Task details: Copy the lines exactly as they appear, starting with the first line of the records and ending with the line that contains "Pink Repeating Flower".

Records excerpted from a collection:
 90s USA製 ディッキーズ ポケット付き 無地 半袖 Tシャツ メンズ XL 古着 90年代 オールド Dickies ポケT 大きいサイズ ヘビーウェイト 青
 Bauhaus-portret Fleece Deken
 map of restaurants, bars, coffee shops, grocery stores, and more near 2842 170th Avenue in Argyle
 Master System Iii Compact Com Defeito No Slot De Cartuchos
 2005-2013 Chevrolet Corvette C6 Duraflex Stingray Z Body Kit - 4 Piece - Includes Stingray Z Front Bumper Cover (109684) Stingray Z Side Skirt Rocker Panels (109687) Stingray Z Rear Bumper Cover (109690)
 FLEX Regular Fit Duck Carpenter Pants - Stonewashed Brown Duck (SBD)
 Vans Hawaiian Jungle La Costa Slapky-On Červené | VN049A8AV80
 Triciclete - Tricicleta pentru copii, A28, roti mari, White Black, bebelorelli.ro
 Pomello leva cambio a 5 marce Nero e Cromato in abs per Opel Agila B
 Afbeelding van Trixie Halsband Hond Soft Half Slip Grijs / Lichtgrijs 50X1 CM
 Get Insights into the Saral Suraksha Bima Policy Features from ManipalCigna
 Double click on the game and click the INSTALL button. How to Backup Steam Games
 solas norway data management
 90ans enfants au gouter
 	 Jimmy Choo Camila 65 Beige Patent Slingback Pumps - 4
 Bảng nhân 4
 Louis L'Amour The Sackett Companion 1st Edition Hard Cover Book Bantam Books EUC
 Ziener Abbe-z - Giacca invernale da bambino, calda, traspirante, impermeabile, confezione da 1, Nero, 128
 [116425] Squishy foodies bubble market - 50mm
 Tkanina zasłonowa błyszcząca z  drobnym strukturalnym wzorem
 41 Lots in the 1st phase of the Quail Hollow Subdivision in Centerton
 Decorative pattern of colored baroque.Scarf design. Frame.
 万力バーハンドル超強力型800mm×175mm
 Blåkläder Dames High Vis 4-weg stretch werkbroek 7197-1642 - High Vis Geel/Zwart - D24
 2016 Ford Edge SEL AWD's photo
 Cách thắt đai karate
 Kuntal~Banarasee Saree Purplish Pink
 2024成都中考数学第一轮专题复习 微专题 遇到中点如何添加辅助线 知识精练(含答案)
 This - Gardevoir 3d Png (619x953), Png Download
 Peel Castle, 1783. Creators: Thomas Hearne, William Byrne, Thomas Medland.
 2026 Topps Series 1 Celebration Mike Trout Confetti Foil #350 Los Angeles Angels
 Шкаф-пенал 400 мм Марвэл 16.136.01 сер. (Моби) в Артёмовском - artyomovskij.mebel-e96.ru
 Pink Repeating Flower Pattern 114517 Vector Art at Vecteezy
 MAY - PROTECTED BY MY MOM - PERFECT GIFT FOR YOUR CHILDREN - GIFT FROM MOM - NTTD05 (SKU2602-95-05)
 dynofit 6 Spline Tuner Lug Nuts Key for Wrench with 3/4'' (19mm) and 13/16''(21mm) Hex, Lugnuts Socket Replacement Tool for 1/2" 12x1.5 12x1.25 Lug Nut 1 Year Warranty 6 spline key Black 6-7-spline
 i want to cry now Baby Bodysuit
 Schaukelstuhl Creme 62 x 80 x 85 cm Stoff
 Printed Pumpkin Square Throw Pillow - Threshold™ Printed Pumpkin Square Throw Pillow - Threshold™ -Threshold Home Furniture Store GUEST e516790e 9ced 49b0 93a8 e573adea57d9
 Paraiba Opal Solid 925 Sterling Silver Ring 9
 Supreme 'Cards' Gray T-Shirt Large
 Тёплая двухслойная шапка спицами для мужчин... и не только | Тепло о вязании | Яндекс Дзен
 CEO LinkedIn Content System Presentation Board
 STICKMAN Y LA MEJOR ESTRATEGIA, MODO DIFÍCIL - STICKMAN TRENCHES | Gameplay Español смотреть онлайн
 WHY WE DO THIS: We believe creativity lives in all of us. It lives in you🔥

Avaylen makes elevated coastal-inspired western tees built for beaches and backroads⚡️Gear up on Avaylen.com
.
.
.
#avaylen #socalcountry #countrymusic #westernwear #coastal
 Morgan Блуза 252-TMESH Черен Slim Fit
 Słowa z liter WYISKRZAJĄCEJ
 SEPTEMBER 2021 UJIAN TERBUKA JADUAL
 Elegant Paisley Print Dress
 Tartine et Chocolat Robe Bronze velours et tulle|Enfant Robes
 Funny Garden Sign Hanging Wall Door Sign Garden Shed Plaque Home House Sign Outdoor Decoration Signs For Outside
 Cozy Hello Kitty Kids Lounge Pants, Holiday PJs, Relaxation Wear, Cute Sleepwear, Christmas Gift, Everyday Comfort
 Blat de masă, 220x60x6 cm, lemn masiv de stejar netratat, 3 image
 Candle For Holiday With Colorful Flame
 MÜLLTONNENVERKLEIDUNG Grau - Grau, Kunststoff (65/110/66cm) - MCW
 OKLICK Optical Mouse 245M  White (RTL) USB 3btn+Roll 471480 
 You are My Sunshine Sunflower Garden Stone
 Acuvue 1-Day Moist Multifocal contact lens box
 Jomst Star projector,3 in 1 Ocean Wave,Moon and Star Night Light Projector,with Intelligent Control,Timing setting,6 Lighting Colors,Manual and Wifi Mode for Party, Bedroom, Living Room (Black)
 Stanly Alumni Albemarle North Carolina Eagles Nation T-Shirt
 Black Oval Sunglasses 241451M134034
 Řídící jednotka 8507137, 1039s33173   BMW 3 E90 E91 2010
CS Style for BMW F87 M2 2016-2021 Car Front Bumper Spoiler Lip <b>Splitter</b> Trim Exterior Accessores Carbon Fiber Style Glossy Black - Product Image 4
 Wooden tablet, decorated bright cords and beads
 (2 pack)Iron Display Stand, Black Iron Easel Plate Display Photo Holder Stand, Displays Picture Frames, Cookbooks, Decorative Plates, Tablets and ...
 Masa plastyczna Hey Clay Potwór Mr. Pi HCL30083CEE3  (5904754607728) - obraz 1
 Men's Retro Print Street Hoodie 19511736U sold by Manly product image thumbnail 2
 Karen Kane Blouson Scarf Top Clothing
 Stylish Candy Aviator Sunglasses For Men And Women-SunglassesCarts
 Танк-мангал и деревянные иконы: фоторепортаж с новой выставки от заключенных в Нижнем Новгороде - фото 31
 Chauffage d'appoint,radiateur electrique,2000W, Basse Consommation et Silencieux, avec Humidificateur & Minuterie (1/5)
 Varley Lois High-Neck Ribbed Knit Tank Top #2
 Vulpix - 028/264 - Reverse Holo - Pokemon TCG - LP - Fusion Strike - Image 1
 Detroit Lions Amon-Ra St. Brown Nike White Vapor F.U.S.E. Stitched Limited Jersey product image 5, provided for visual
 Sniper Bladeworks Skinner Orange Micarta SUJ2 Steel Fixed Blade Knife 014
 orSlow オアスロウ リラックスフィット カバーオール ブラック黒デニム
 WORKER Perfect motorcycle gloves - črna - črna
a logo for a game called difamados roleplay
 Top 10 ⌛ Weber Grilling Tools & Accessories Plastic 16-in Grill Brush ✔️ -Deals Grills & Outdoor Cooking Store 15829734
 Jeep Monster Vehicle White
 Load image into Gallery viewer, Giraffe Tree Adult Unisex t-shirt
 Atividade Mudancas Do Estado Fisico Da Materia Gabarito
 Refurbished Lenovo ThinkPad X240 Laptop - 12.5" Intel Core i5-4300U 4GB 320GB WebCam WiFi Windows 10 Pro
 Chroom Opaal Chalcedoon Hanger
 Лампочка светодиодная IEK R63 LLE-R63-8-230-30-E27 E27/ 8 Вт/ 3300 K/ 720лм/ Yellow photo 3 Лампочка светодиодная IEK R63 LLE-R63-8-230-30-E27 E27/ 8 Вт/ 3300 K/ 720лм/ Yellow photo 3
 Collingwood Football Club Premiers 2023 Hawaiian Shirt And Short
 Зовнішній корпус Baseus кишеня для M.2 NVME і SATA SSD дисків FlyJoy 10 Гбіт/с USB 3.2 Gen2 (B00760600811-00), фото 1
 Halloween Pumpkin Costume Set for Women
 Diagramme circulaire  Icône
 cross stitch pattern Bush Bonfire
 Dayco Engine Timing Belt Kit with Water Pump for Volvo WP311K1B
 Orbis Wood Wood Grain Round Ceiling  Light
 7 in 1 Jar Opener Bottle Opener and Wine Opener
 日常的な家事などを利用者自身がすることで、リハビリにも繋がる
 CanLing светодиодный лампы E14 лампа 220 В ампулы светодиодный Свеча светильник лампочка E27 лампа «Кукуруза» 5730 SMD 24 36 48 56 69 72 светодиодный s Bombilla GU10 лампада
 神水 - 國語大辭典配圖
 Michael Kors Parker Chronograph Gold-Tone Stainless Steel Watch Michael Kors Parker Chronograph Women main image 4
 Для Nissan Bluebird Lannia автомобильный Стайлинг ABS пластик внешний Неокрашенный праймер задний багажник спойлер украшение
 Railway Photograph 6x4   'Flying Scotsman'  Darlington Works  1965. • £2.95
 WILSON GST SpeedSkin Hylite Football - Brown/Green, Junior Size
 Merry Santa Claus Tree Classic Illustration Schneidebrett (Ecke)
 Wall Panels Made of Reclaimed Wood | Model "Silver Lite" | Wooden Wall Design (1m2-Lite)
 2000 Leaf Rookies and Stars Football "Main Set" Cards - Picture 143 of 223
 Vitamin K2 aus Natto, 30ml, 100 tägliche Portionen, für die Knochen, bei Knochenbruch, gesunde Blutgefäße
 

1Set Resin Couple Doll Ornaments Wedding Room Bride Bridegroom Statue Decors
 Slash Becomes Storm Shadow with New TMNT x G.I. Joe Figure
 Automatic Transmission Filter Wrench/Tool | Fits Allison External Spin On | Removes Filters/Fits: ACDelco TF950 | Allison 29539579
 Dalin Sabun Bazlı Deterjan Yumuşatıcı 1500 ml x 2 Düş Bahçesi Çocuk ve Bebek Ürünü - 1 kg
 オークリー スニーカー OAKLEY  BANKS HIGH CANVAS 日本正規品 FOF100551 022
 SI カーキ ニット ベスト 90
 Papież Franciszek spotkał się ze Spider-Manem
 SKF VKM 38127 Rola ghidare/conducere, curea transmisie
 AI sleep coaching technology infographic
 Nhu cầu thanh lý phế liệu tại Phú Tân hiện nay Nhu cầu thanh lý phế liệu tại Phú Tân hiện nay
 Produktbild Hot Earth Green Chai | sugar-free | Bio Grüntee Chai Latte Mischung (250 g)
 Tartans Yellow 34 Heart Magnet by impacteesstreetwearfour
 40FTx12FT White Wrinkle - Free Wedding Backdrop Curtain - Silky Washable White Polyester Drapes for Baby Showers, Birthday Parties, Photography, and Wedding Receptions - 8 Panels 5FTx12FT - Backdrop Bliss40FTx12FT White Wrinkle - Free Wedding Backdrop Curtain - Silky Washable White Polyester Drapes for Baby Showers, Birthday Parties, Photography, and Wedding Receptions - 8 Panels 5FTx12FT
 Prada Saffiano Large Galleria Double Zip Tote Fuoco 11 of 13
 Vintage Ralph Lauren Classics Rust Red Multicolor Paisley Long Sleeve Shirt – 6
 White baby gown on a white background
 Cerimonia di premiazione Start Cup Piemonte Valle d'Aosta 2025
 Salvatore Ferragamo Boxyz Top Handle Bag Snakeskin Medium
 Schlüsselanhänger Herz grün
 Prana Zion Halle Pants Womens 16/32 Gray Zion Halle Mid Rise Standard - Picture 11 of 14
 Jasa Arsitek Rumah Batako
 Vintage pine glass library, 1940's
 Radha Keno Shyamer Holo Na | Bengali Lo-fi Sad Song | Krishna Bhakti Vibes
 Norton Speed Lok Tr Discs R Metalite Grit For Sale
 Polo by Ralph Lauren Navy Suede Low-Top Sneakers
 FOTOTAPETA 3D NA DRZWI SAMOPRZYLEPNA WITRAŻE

Exercise answer:
 90s USA製 ディッキーズ ポケット付き 無地 半袖 Tシャツ メンズ XL 古着 90年代 オールド Dickies ポケT 大きいサイズ ヘビーウェイト 青
 Bauhaus-portret Fleece Deken
 map of restaurants, bars, coffee shops, grocery stores, and more near 2842 170th Avenue in Argyle
 Master System Iii Compact Com Defeito No Slot De Cartuchos
 2005-2013 Chevrolet Corvette C6 Duraflex Stingray Z Body Kit - 4 Piece - Includes Stingray Z Front Bumper Cover (109684) Stingray Z Side Skirt Rocker Panels (109687) Stingray Z Rear Bumper Cover (109690)
 FLEX Regular Fit Duck Carpenter Pants - Stonewashed Brown Duck (SBD)
 Vans Hawaiian Jungle La Costa Slapky-On Červené | VN049A8AV80
 Triciclete - Tricicleta pentru copii, A28, roti mari, White Black, bebelorelli.ro
 Pomello leva cambio a 5 marce Nero e Cromato in abs per Opel Agila B
 Afbeelding van Trixie Halsband Hond Soft Half Slip Grijs / Lichtgrijs 50X1 CM
 Get Insights into the Saral Suraksha Bima Policy Features from ManipalCigna
 Double click on the game and click the INSTALL button. How to Backup Steam Games
 solas norway data management
 90ans enfants au gouter
 	 Jimmy Choo Camila 65 Beige Patent Slingback Pumps - 4
 Bảng nhân 4
 Louis L'Amour The Sackett Companion 1st Edition Hard Cover Book Bantam Books EUC
 Ziener Abbe-z - Giacca invernale da bambino, calda, traspirante, impermeabile, confezione da 1, Nero, 128
 [116425] Squishy foodies bubble market - 50mm
 Tkanina zasłonowa błyszcząca z  drobnym strukturalnym wzorem
 41 Lots in the 1st phase of the Quail Hollow Subdivision in Centerton
 Decorative pattern of colored baroque.Scarf design. Frame.
 万力バーハンドル超強力型800mm×175mm
 Blåkläder Dames High Vis 4-weg stretch werkbroek 7197-1642 - High Vis Geel/Zwart - D24
 2016 Ford Edge SEL AWD's photo
 Cách thắt đai karate
 Kuntal~Banarasee Saree Purplish Pink
 2024成都中考数学第一轮专题复习 微专题 遇到中点如何添加辅助线 知识精练(含答案)
 This - Gardevoir 3d Png (619x953), Png Download
 Peel Castle, 1783. Creators: Thomas Hearne, William Byrne, Thomas Medland.
 2026 Topps Series 1 Celebration Mike Trout Confetti Foil #350 Los Angeles Angels
 Шкаф-пенал 400 мм Марвэл 16.136.01 сер. (Моби) в Артёмовском - artyomovskij.mebel-e96.ru
 Pink Repeating Flower Pattern 114517 Vector Art at Vecteezy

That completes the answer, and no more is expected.